Majuro, Marshall Islands, Micronesia. If you're in that neck of the woods, you can skip Majuro, says Glen Kitchens (Cedar Crest NM), who has 1,000 dives under his belt. "My group of experienced divers selected Majuro for a May trip simply because it seemed off the beaten track. The only dive operator (Raycrew) is located at the Marshall Islands Resort (MIR). Sato, a young Japanese divemaster, was quite competent, cautious and helpful. Most dive sites within Majuro Atoll are less than 30 minutes from MIR, except the Arno Atoll, which is over open ocean and can be a very wet and rough ride. The boat is lowrailed with a canopy top but no seats, camera bucket or dry areas. Getting into the water is accomplished by struggling into your BC while sitting on the floor, then hoisting yourself to a boat rail for a backward flip.

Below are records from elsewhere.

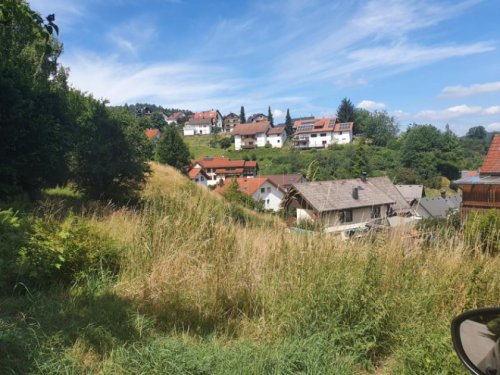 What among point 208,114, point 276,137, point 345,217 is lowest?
point 345,217

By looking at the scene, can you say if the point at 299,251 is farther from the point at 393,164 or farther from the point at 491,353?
the point at 393,164

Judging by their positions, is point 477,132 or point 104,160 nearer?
point 104,160

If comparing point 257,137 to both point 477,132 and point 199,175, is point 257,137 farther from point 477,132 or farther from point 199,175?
point 477,132

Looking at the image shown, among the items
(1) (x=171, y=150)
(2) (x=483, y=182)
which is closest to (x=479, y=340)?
(2) (x=483, y=182)

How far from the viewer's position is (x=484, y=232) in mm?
4371

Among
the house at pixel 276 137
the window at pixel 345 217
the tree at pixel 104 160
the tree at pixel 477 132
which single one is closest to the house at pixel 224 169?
the house at pixel 276 137

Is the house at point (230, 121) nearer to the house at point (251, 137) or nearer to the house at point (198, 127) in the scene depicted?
the house at point (198, 127)

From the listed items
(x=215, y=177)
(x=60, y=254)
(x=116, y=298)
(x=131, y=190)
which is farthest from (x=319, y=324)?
(x=215, y=177)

Not an easy feat for the older crowd. I was disappointed in the diving, since I expected to see soft coral and wrecks, but saw none. The diving is easy, with current at only a few sites. MIR is the best hotel on the atoll, but is average by international standards. The restaurant is OK, but they deal in 'island' time. The on-site bar is reasonably-priced, and that's a good thing, because there's not much else to do but dive and drink. The rooms had TV, but no signal was available while I was there."